Mr Sanader openly courts those forces in line with the European Union's hopes for harmony in the region. His repeated insistence that the status of Kosovo, Serbia's breakaway province, cannot be resolved internationally "without Belgrade" echoes standard EU rhetoric but is also a prize for Vojislav Kostunica, Serbia's prime minister, a conservative nationalist who has made retaining Kosovo his chief goal. Zagreb is cautious over recognition of Kosovo's independence over Belgrade's objection but would accept any EU-wide decisions. Mr Sanader also speaks of his desire to see Serbia included in the European Union and NATO.
Yet the official warmth between Zagreb and Belgrade is decidedly cautious. Leaders on both sides know what lurks beneath. For many citizens of Croatia and Serbia - especially those who have minimal contact in business or private life with their former Yugoslav compatriots - bitterness from the war era remains.
Contact is less common than it might be, because transport links remain poor. Regular air flights between the two countries were never reinstated after the war, meaning, for example, that Serbian citizens travel with difficulty to Croatian holiday spots on the Adriatic shore.
On the road network, Croatia seems to pretend that Serbia does not exist. Travellers heading east from Zagreb search in vain for signs pointing toward Belgrade. On the former Yugoslav-built Brotherhood and Unity motorway running between the two cities, signs over the eastbound lanes are marked for Slavonski Brod, a city inside Croatia, not even halfway to Belgrade. By contrast, Zagreb is heavily signposted on westbound routes out of the Serbian capital.
Such attitudes are not conducive to trade, which is minimal and growing only slowly. Croatia trades more than twice as much with Slovenia, its western neighbour of 2m people, as it trades with Serbia, a market of 8m not including Kosovo's 2m. Some 5 per cent of Croatian exports go to Serbia, but just 1 per cent of imports come from there.
Still, if one factor points the way out of this post-war era of cautious diplomacy and limited interaction, it is business. Companies working in both countries usually say national rivalries do not extend into this area.
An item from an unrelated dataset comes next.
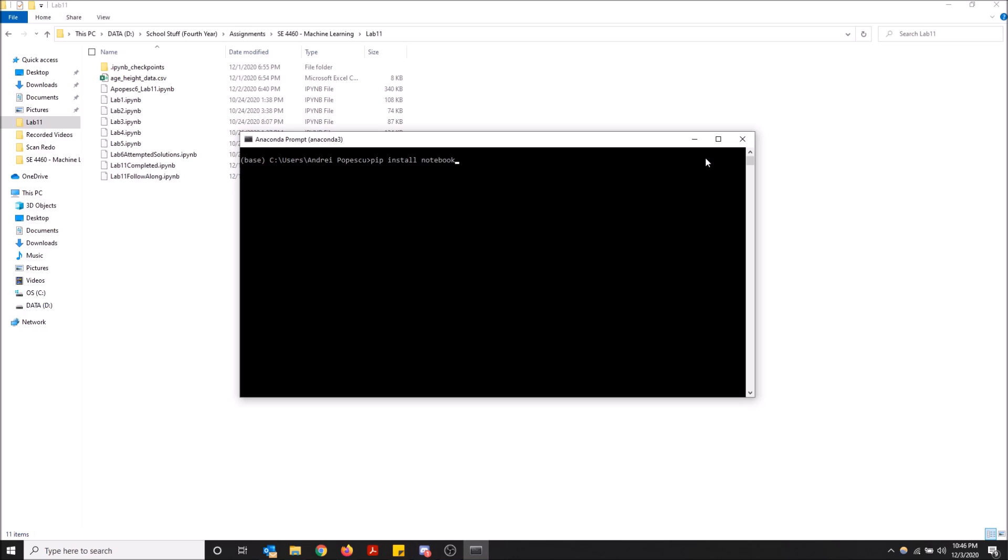These will install both of the things you need for Jupyter Notebook to run correctly. I already have these installed on my computer, so I'm not going to do it, but those are the two commands you need. Once you've typed them in, all you have to do is hit enter and the command prompt will take care of the rest.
A small but fast-growing example is New Technology, the Croatian daughter company of ComTrade, a Serbian-owned IT manufacturer and distributor. ComTrade robotically assembles its patented personal computers in Serbia and sends up to six truckloads per week to New Technology, along with machines from Fujitsu-Siemens, Toshiba and Acer.
Petar Pintar, New Technology's general manager, says that in its first year of operations the company has captured 1.5 per cent of Croatia's IT market. He says ComTrade's owner told him at the start to follow local laws zealously and to minimise risks of bureaucratic obstruction, and so far has been pleasantly surprised.
"I really do not have the impression that anything is hard to do. One customer, once, told me that he did not want to do business with a company working from Belgrade. But that is one out of 1,000," says Mr Pintar.
A much bigger boost to Croatian-Serbian trade could be seen if Agrokor and Delta, respectively the two countries' largest private-sector companies, follow through on their year-old agreement to merge their region-wide retail operations.
In addition, last year's updated Central European Free Trade Agreement brought Serbia into the pre-EU trade bloc, which already included Croatia, with a new customs union soon to take effect.
Along with the momentum of private sector investments, regional integration could strengthen the practical economic side of a bilateral relationship that is strategically close yet remains politically awkward.
Potential for rancour remains. Proceedings are to open six months from now in Zagreb's genocide case against Belgrade at the International Court of Justice. Some Croatian diplomats say dropping the lawsuit would help to improve bilateral relations, but any such move would risk a popular backlash.